Diabétologue, membre du mouvement de défense de l'hôpital public.
Des praticiens exaspérés, un personnel hospitalier à cran et une volonté toujours plus forte du gouvernement de contenir les dépenses de la santé publique : l'hôpital doit être sorti de la crise. Pour André Grimaldi, diabétologue et membre du Mouvement de défense de l'hôpital public, il faut en finir avec le modèle "fou" de "l'hôpital entreprise", forcé à augmenter ses activités pour maintenir les budgets.
Le gouvernement veut contenir les dépenses publiques de santé. Pour ce faire, il utilise trois leviers. D'abord, essayer de réduire les prescriptions jugées abusives des médecins de ville concernant certains médicaments trop coûteux et les arrêts de travail trop généreux. Les 10 % des médecins les plus dépensiers sont dans la ligne de mire de la Sécurité sociale, mais en réalité, elle n'a pas de grands moyens d'action en dehors des tracasseries administratives qui exaspèrent les praticiens.
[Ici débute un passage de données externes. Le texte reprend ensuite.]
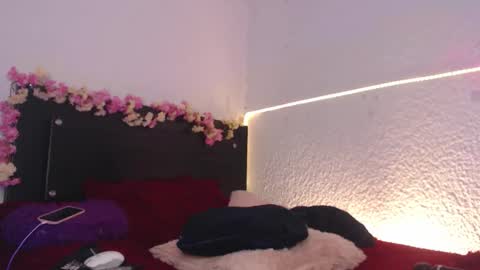 cata online show from December 5, 8:32 pm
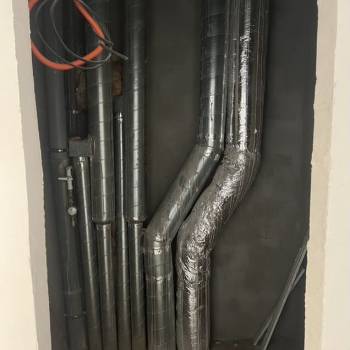 Продается 2-х комнатная квартира, 37,5 м²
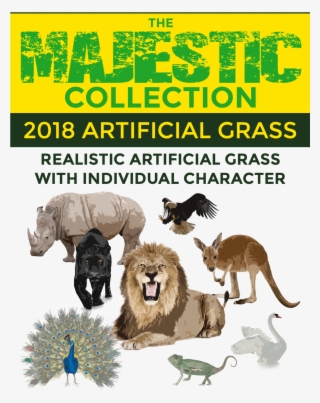 Trade Artificial Grass #9194752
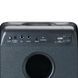 Lenco PA-200BK аудиосистема Bluetooth колонка для караоке вечірок A004725 фото 6
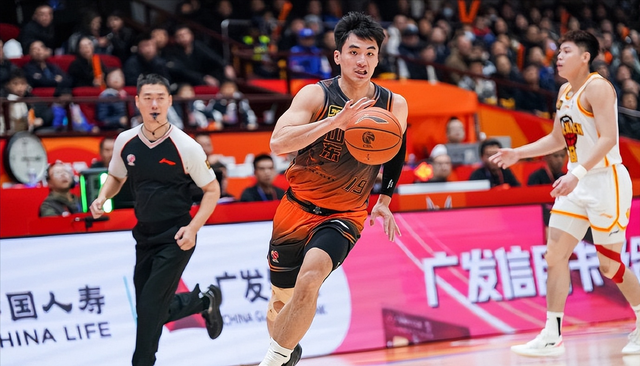 尼克斯悍将数据外的秘密:他才是真正的致胜因子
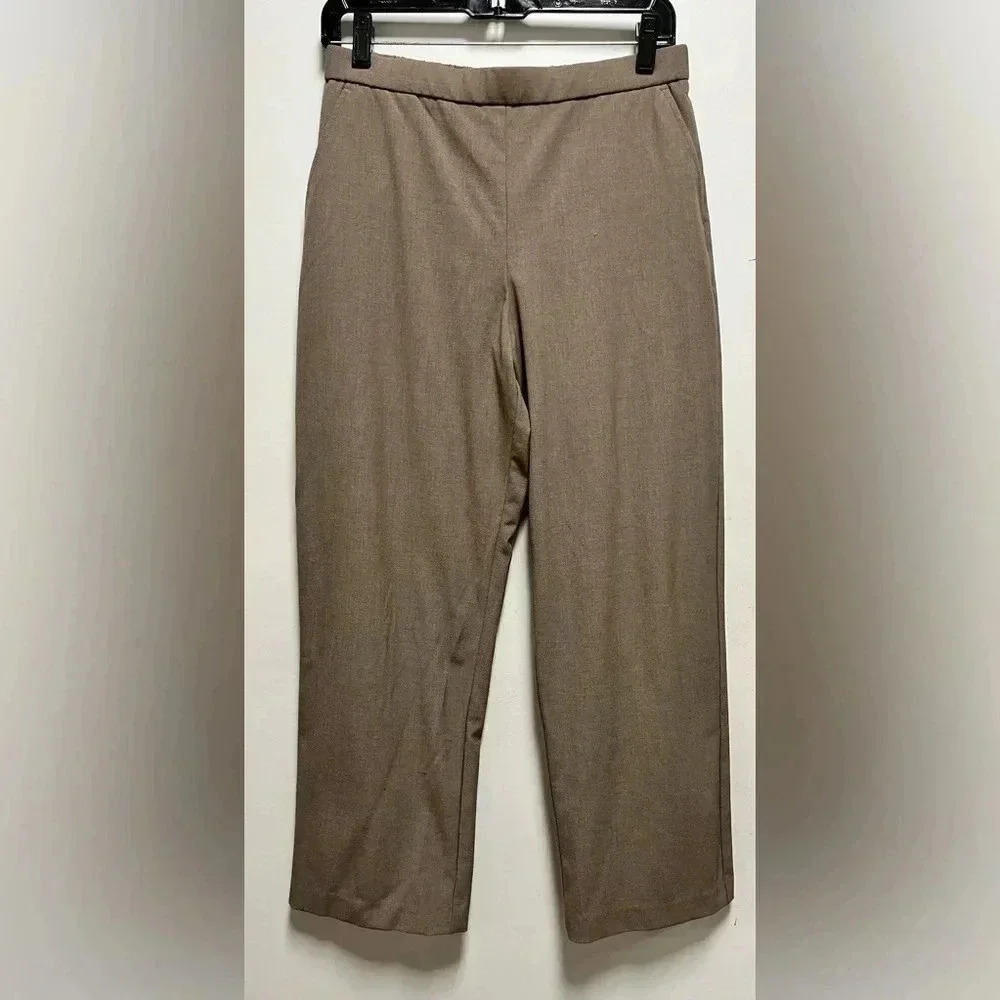 𝅺JM collection petite pants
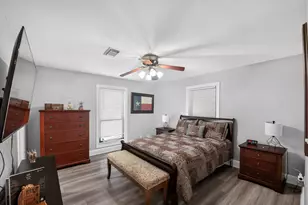 1950 Country Club Rd, Brenham, TX 77833 - Photo 17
Ensuite, transférer les prises en charge financières de la Sécurité sociale aux assurances privées dites « complémentaires », quitte à aggraver les inégalités sociales de santé. Reste le moyen le plus habituel et le plus facile pour l'Etat : réduire le budget hospitalier. Pour commencer, le gouvernement a annulé le versement aux hôpitaux de 250 millions d'euros de la dotation votée par l'Assemblée nationale, « contribuant au creusement de leur déficit en 2014 », selon la Cour des comptes. Ensuite, il resserre année après année la progression du budget des hôpitaux, qui devient ainsi très inférieure à la progression du montant de leurs charges. En 2016, pour une progression des charges autour de 3 %, la progression du budget ne sera que de 1,75 %. Le déficit des hôpitaux est donc programmé. Que vont faire les directeurs ? Selon Marisol Touraine, ministre de la Santé, il leur suffit de mieux s'organiser grâce notamment à des regroupements hospitaliers. En réalité, ayant déjà beaucoup donné en termes de « restructuration », ils vont être obligés de réduire les investissements (dont le montant était de 4,6 milliards d'euros en 2014, contre 6,5 milliards en 2009) au risque d'aggraver le sous-équipement dramatique de la France dans certains domaines, comme l'IRM. Et, surtout, les directeurs vont être contraints de supprimer des emplois. Quand la ministre dit : « Je ne supprime pas d'emplois », il faut comprendre : « Je laisse le soin aux directeurs de le faire. » Martin Hirsch, directeur de l'AP-HP, a pensé qu'il pourrait refiler la « patate chaude » aux syndicats, en leur faisant le chantage « diminution des RTT ou suppression de 4 000 emplois en trois ans ». Il a dû reculer. Ce qui est étonnant, c'est qu'il ait cru que cela pouvait passer, supposant que les syndicats majoritaires ne défendraient pas l'accord d'application des 35 heures qu'ils avaient dénoncé en 2002. Il avait lourdement sous-estimé le degré d'exaspération et de démotivation des personnels.
Pour beaucoup, la souffrance au travail est telle que les RTT sont devenues le principal objectif. Du moins, quand on a la chance de pouvoir les prendre. Souhaiter venir le moins souvent possible au travail est compréhensible quand on a une heure et demie de transport matin et soir ! Face à cette politique d'austérité annoncée, les communautés médicales hospitalières refusent de voter les budgets prévisionnels prévoyant des économies irréalistes. C'est le cas des trois plus gros établissements hospitaliers du pays (Paris, Lyon, Marseille). Le Mouvement de défense de l'hôpital public (MDHP) a lancé un « Appel des médecins hospitaliers pour sortir l'hôpital de la crise » qui a recueilli à ce jour près de 1 000 signatures.
Il propose d'en finir avec le modèle « hôpital entreprise » et le tout-T2A (tarification à l'activité) inadapté à la prise en charge des malades chroniques et obligeant les hôpitaux à augmenter sans cesse leur activité pour seulement maintenir leur budget. Ce système « fou » provoque à la fois une détérioration des conditions de travail et une montée de l'absentéisme. Le MDHP demande plus de liberté pour les équipes de soins pour s'organiser et pointe les économies qui seraient possibles si le gouvernement était prêt à s'attaquer à certains lobbies de la santé. Les médicaments génériques sont deux fois plus chers en France qu'en Angleterre. Les transports sanitaires coûtent 4 milliards d'euros à la Sécu. Les mutuelles reçoivent 5 milliards de subventions. Et la gestion du système de santé coûte plus de 16 milliards ! Le MDHP estime que la priorité devrait être la construction d'un service public de la médecine de proximité avec les professionnels de santé volontaires. Aider à cette construction devrait être une des missions de l'hôpital public.